Summary
collecting case and noting that "neither the Supreme Court nor the Ninth Circuit has expressly held that the amount of attorney's fees properly considered for purposes of determining the amount in controversy is the amount the plaintiff is reasonably anticipated to recover in the event the plaintiff prevails"
Summary of this case from Bernstein v. BMW of N. Am., LLCOpinion
Case No. 17-cv-07078-MMC
04-16-2018
ORDER DISCHARGING ORDER DIRECTING DEFENDANT TO SHOW CAUSE WHY ACTION SHOULD NOT BE REMANDED
By order filed December 22, 2017, the Court directed defendant LendingTree, LLC to show cause why the above-titled action should not be remanded for lack of subject matter jurisdiction. Before the Court is defendant's response, as well as plaintiffs' reply thereto. Having read and considered the parties' respective submissions, the Court hereby rules as follows.
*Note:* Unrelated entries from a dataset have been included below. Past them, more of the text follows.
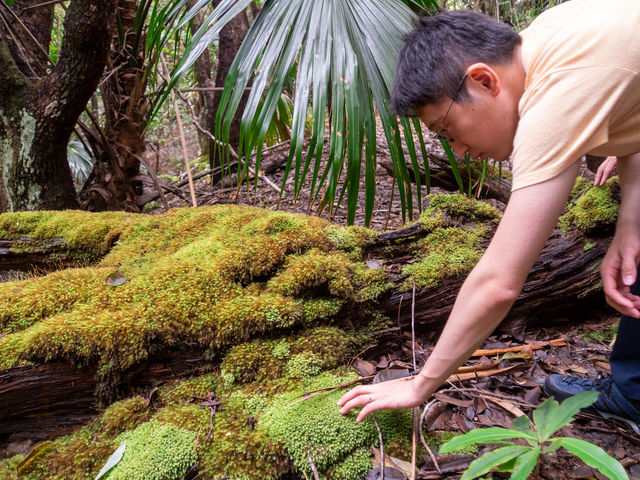 �ŗL��̐X��G��Ă݂悤_�����K�C�hPolaris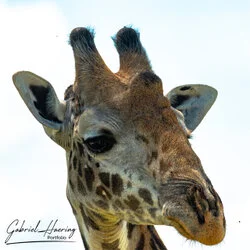 Join us in a unique photographic safari in Mkomazi National Park in northern Tanzania combined with Tarangire, Ngorongoro and Serengeti (or Lake Natron)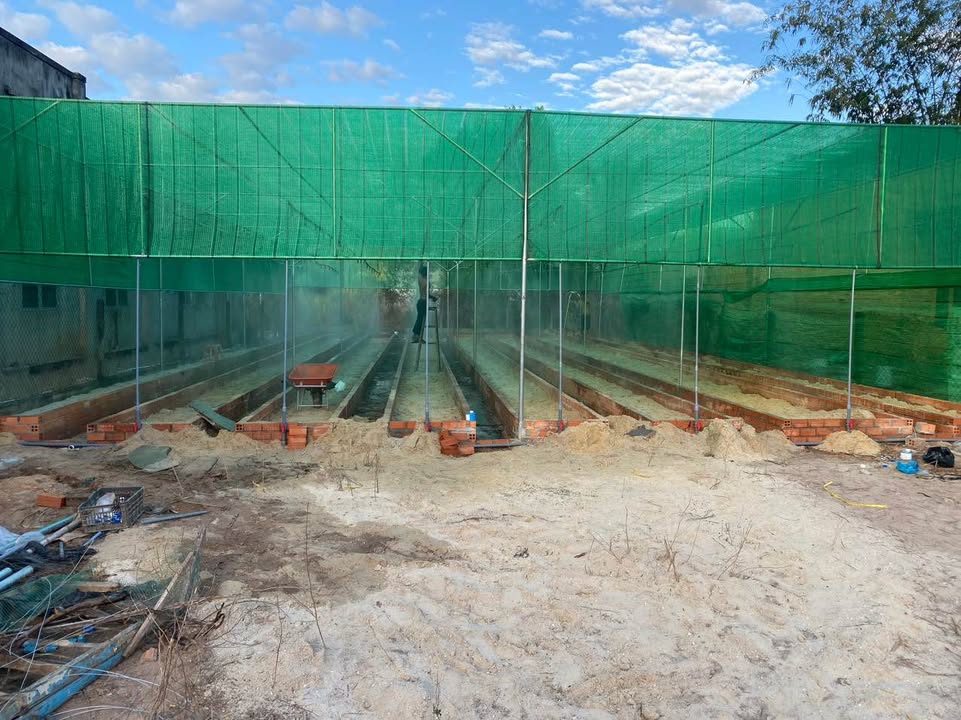 Đất thổ cư Cầu Khởi Dương Minh Châu 432m² giá 5.4 tỷ - Sẵn sàng ra đi!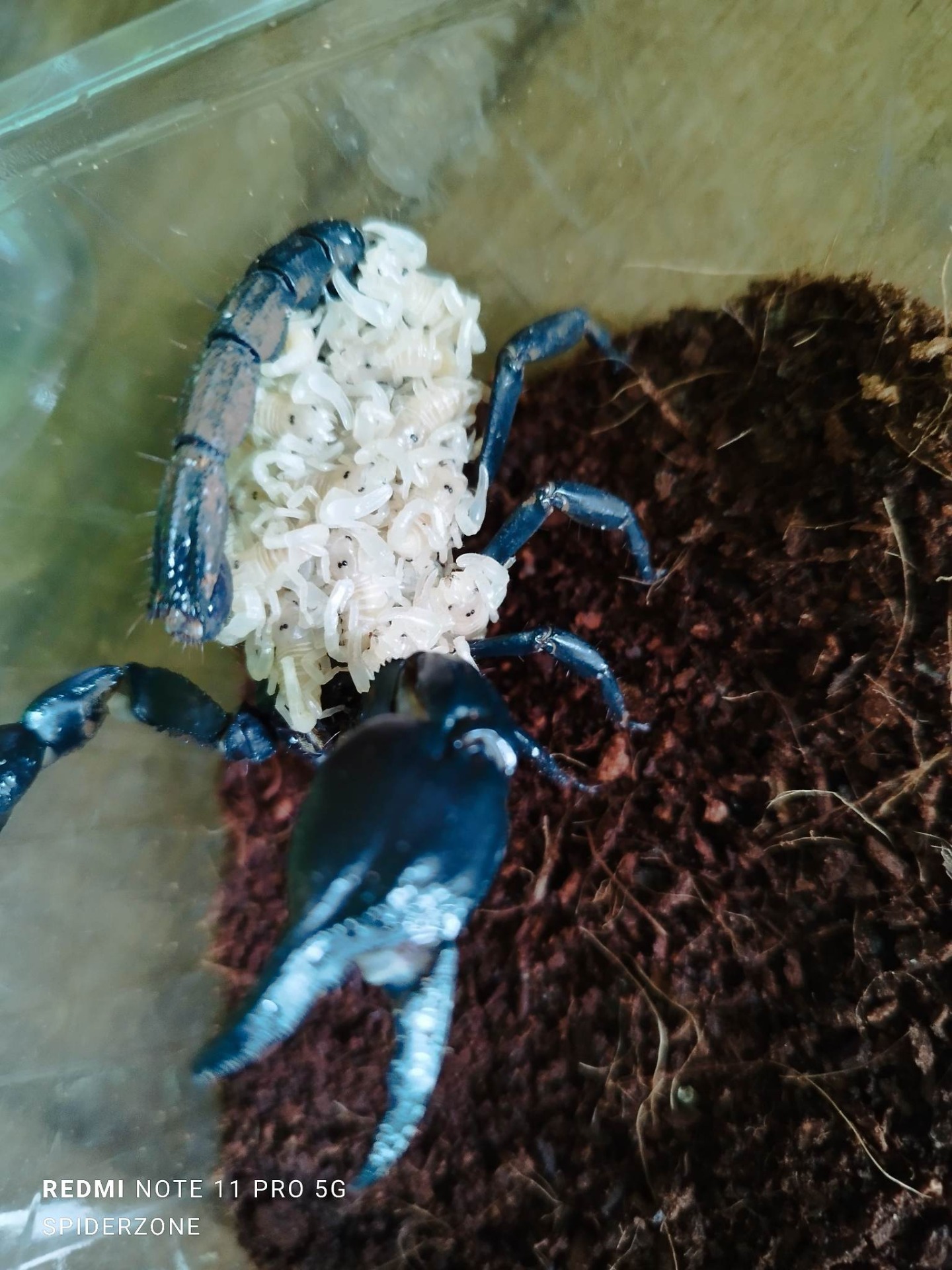 Heterometrus spinifer 1 zv. 9€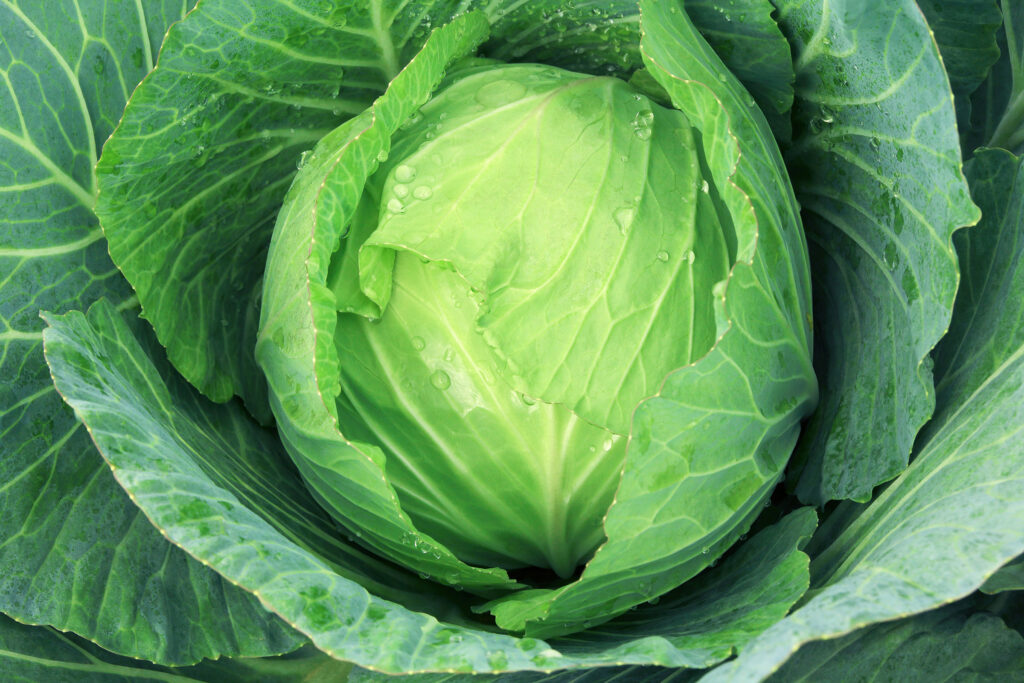 Top view of fresh organic cabbage growing in the vegetable garde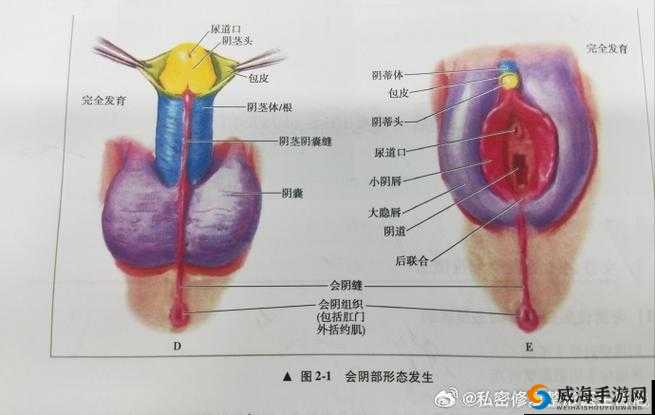 女性私密部位反应强烈导致淫水四射的奇妙场景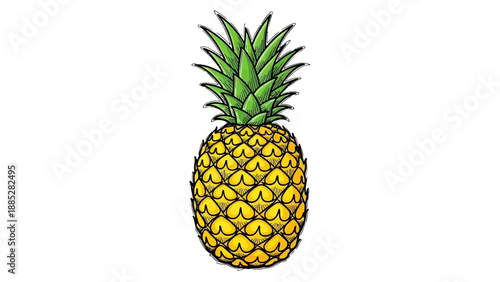 Vibrant Hand-Drawn Pineapple Illustration with Green Leaves and Textured Skin.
On September 7, 2017, plaintiffs filed the above-titled action in state court, and allege in their complaint a single, state law cause of action, specifically, a claim under § 17529.5 of the California Business and Professions Code, which statute prohibits, under circumstances identified therein, advertising in commercial emails. See Cal. Bus. & Prof. Code § 17529.5(a) (listing three "circumstances" under which it is "illegal for any person or entity to advertise in a commercial e-mail"). On December 12, 2017, defendant, relying on diversity jurisdiction, removed the action.
A district court has diversity jurisdiction where "the matter in controversy exceeds the sum or value of $75,000, exclusive of interest and costs" and the matter is "between . . . citizens of different States." See 28 U.S.C. § 1332(a).
With respect to the second element, diversity of citizenship, the Court, in its order to show cause, found defendant's showing deficient, as defendant asserted plaintiffs are citizens of California but did not identify the state or states in which defendant's owners or members are citizens. See Johnson v. Columbia Properties Anchorage, LP, 437 F. 3d 894, 899 (9th Cir. 2006) (holding "limited liability corporation" is a "citizen of every state in which its owners/members are citizens"). In its response, defendant states it has one member, specifically, Lending Tree, Inc., and has established that its member is incorporated in Delaware and has its principal place of business in North Carolina. (See DeCristo Decl. ¶ 3.)
Accordingly, the Court is satisfied the parties are diverse in citizenship.
The Court turns to the issue of whether the requisite amount in controversy is established. Although, in its order to show cause, the Court did not question the sufficiency of defendant's showing regarding the amount in controversy, and, indeed, found defendant's showing was sufficient, defendant, in its response to the order to show, has addressed the issue, and plaintiffs, in their reply, now argue defendant's showing as to the amount in controversy is deficient and that, as a result, the instant action should be remanded for lack of subject matter jurisdiction. As set forth below, the Court continues to find defendant has made a sufficient showing as to the amount in controversy.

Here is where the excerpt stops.